The Aug. 14, 2013 Boise State University news release by Kathleen Tuck, which originated the news item, describes the team’s focus on mimicking the brain’s capabilities ,

One of the first memristors was built in Campbell’s Boise State lab, which has the distinction of being one of only five or six labs worldwide that are up to the task.

The team’s research builds on recent work from scientists who have derived mathematical algorithms to explain the electrical interaction between brain synapses and neurons.

“By employing these models in combination with a new device technology that exhibits similar electrical response to the neural synapses, we will design entirely new computing chips that mimic how the brain processes information,” said Barney Smith.

Even better, these new chips will consume power at an order of magnitude lower than current computing processors, despite the fact that they match existing chips in physical dimensions. This will open the door for ultra low-power electronics intended for applications with scarce energy resources, such as in space, environmental sensors or biomedical implants.

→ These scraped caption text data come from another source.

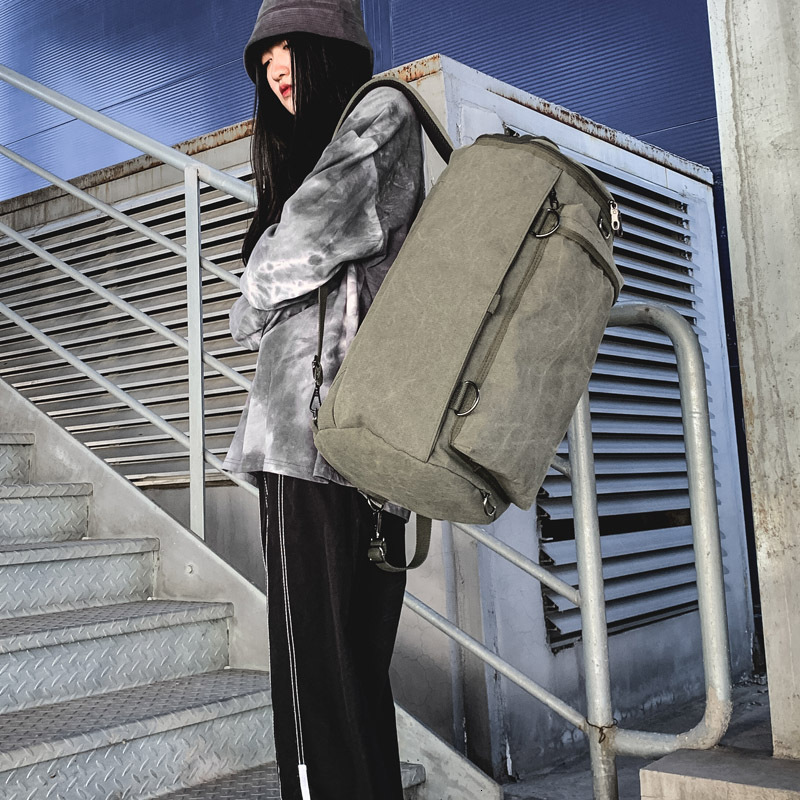 Fashionable bag, large capacity men's outdoor travel sports cylindrical backpack, trendy canvas backpack
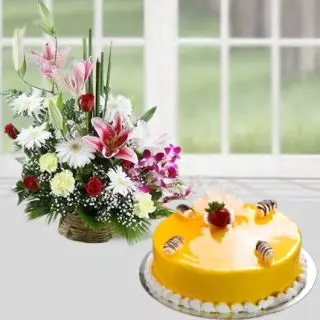 Basket arrangement of lilies, roses, orchids, carnations daisies with mango cool cake 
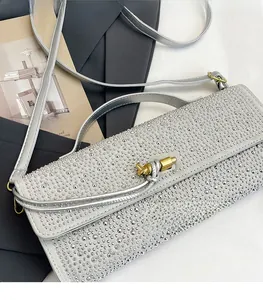 Détail d'un sac de soirée en strass argenté avec un fermoir en métal à nœud unique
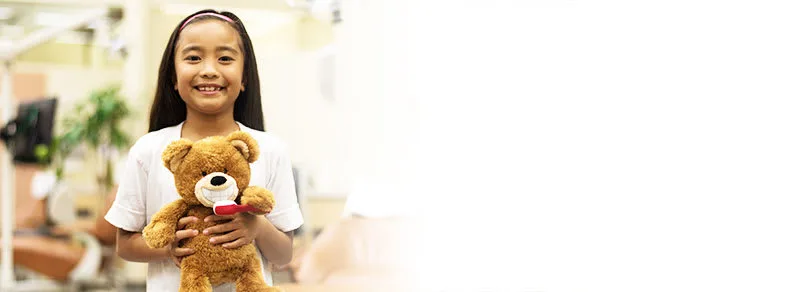 A girl holding a teddy bear with a toothbrush.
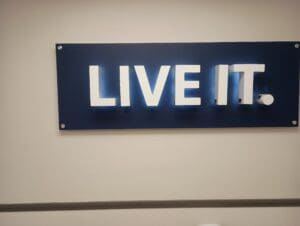 A blue sign with large white letters on a wall displays the phrase "LIVE IT.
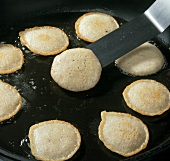 Close-up of blinis being cooked in pan till they turn golden yellow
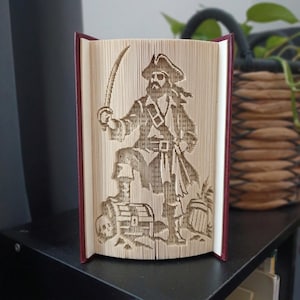 May include: A folded book art sculpture featuring a detailed silhouette of a pirate standing with a sword raised, positioned next to a treasure chest and a skull. The pages are precisely folded to create the image, with a dark red hardback cover.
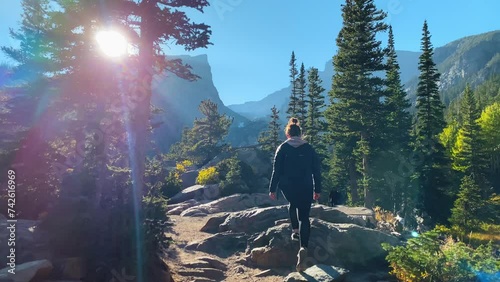 Woman hiking through Rocky Mountain National Park in Colorado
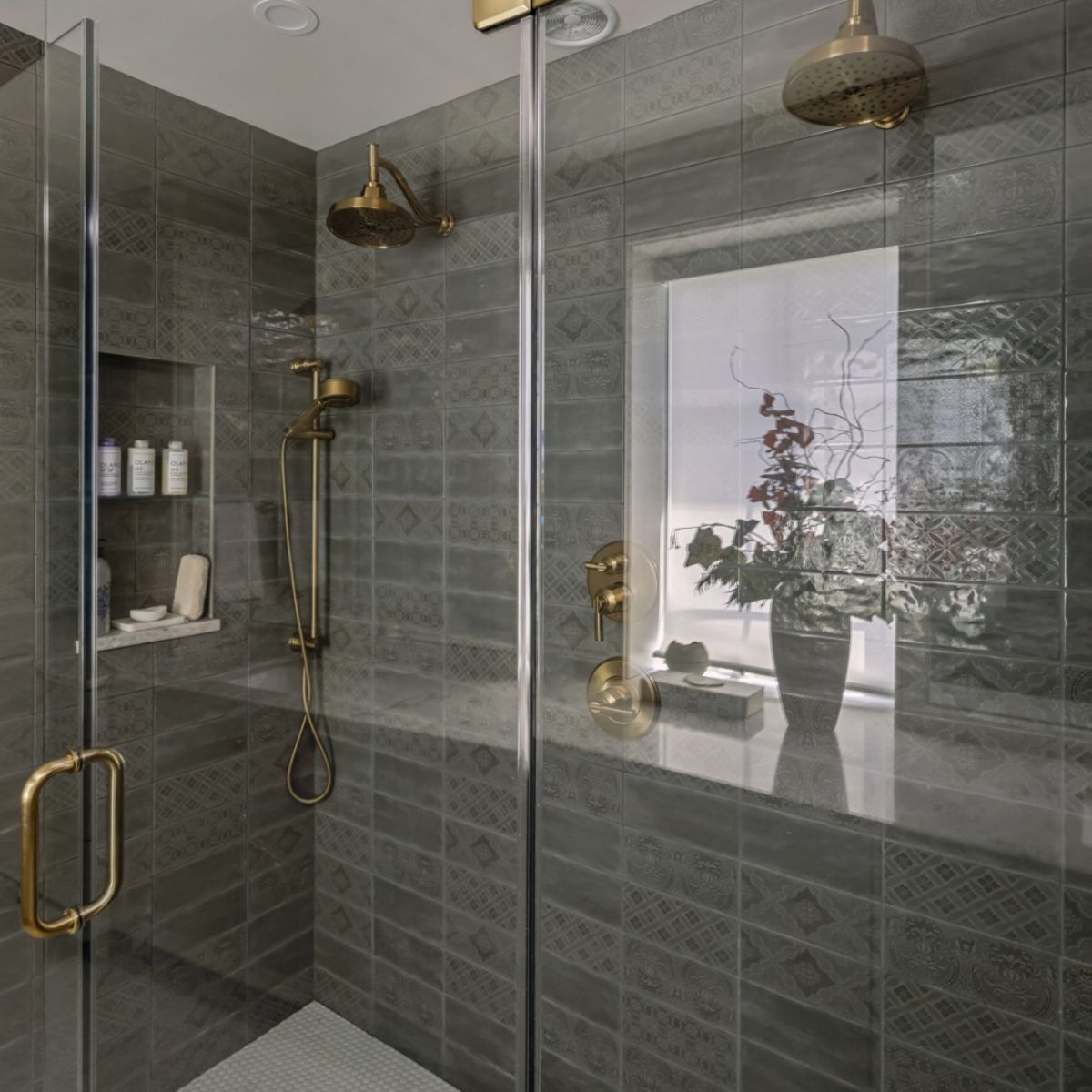 Shower with gray tiles and glass door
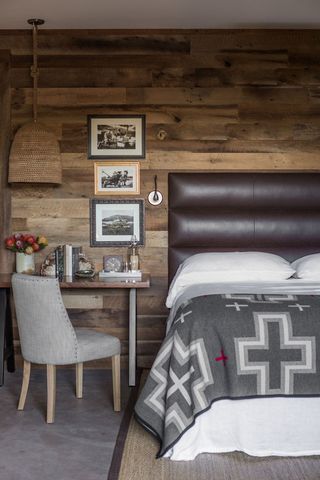 hotel room with wooden wall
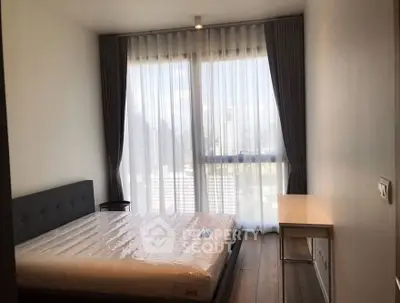 Modern bedroom with large window and city view, featuring minimalist design and natural light.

Once the team has successfully built an artificial neural network, they will look to engage neurobiologists in parallel to what they are doing now. A proposal for that could be written in the coming year.

Barney Smith said they hope to send the first of the new neuron chips out for fabrication within weeks.

With the possibility that HP Labs will make its ‘memristor chips‘ commercially available in 2014 and neuron chips fabricated for the Boise State University researchers within weeks of this Aug. 19, 2013 date, it seems that memristors have been developed at a lightning fast pace. It’s been a fascinating process to observe.